Na Henri krijgt Lin een relatie met de goedgemanierde, gecultiveerde Jelmer Halbertsma. Deze relatie loopt stuk omdat Lin zich nog altijd aangetrokken voelt tot Henri, met wie ze Jelmer bedriegt. En Jelmer blijkt eigenlijk ook gewoon uit een te elitair milieu afkomstig te zijn voor de dochter van een autohandelaar. Dus zoekt Lin opnieuw beschutting bij Henri, die ze uiteindelijk, zo ervaart de lezer weer via Jelmer, zal vermoorden. Oek de Jong zei zelf in een interview dat de van haar familie vervreemde Lin een typisch kind van deze tijd is, omdat het eeuwenoude idee van de levenslange familiale geborgenheid langzamerhand aan het verdwijnen is. Een interessant gegeven, en niet toevallig behoort een dialoog tussen Lin en haar enige zus Emma tot de meest geslaagde van het boek. ‘Hoe is het?’, vraagt Lin aan haar zus op een feestje van de familie Halbertsma. ‘We hebben ons hélemaal gek gezocht om hier te komen,’ zegt Emma. Lin antwoordt: ‘Ja, wat vervelend zeg.’ Deze nietszeggende dialoog is een van de weinige realistische gesprekken in Hokwerda's kind.
Over de schrijfkwaliteiten van Oek de Jong mag veel lovends geschreven zijn, consensus over zijn talent bestaat er nog niet. Weliswaar schreef Erwin Mortier in De Morgen over de ‘stilistische beheersing’ van De Jong, had Onno Blom het in De Standaard overeen ‘sensitieve stijl’, prees Hans Goedkoop in NRC Handelsblad de rijkgescjiakeerde en toch niet ijdele taal en was ook Jeroen Overstijns in de Financieel-Economische Tijd vol lof, toch noemde Arjan Peters in de Volkskrant de stijl van De Jong stroef, humorloos en ouwelijk.
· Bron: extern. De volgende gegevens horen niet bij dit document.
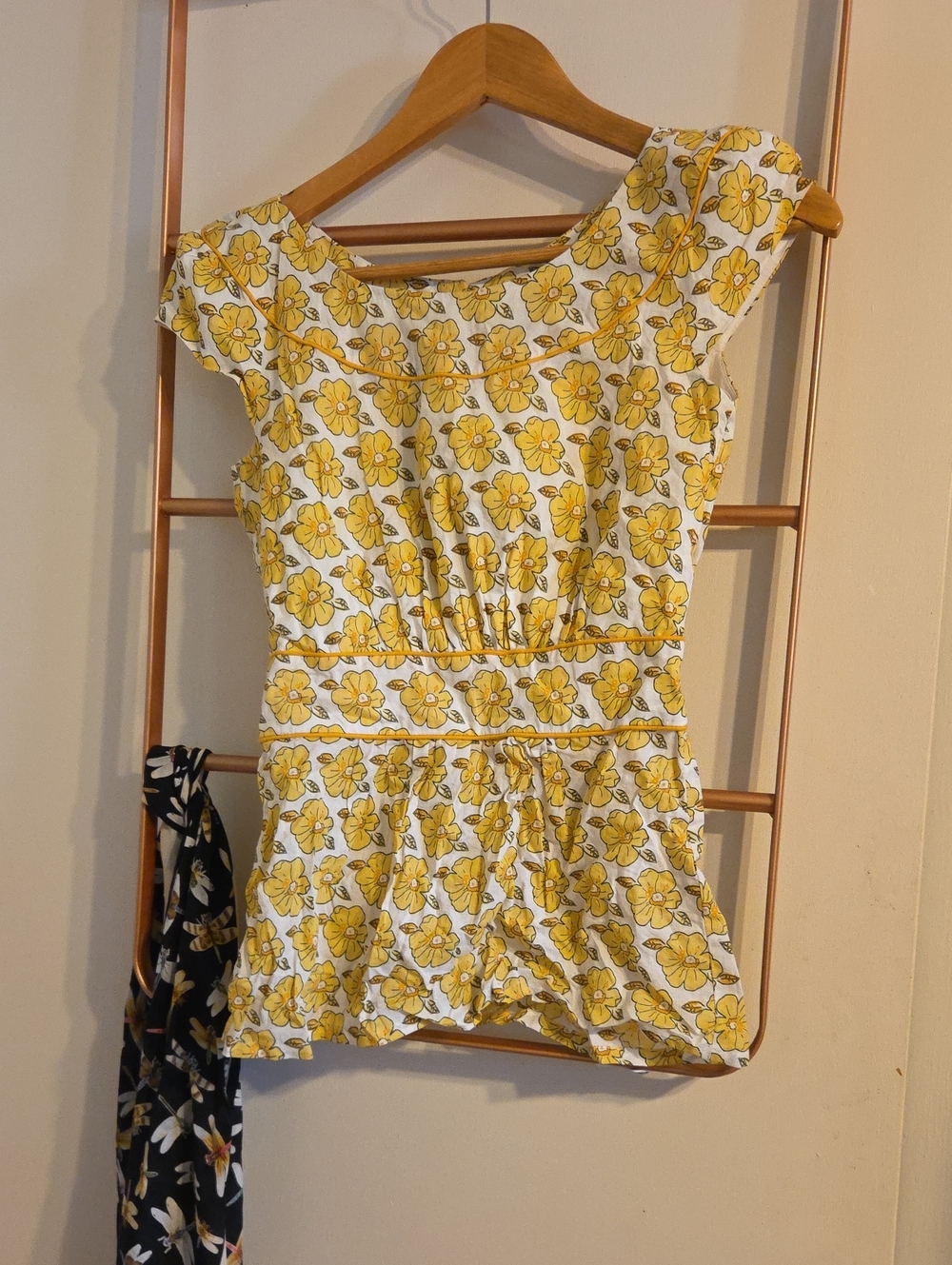 Emily And Fin Floral Yellow Cap-Sleeve Vintage- Inspired Peplum Top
En ge- | |
| |
lijk had hij. Dat blijkt bijvoorbeeld uit de manier waarop De Jong schrijft dat Lin graag aandacht krijgt van een man die ze op morele gronden afkeurt: ‘En zo ontstond de figuur dat ze een man verafschuwde, omdat hij zijn vrouw bedroog, en er tegelijkertijd naar verlangde en zich er zelfs voor inspande dat deze man, die buiten zijn restaurant niets voor haar betekende, haar weer galant en vriendschappelijk en voor ieder zichtbaar zou begroeten.’ Gekromde tenen leveren ook de frases op die De Jong tussen aanhalingstekens zet, alsof hij de lezer wil zeggen dat deze cliché's niet uit zijn pen vloeiden, maar werkelijk uit de mond van Lin afkomstig zijn: ‘Voor Lin was dit het moment waarop ze weer “bij elkaar kwamen.”’ Of: ‘Maar Lin wilde dit “nooit meer” en ze zei het hem meteen, terwijl ze hurkte bij het windscherm en deed of ze iets zocht.’ En wat te denken van: ‘Ze leefde dan alweer “in een heel ander gevoel” en verwonderde zich erover [...]’ Ronduit pathetisch wordt de schrijver als hij woorden wil benadrukken door ze te cursiveren: ‘en die middag was het een rumoerigheid die haar opwond, die woeling van de stad, waarin nu ook haar leven woelde en ze volop bestond.’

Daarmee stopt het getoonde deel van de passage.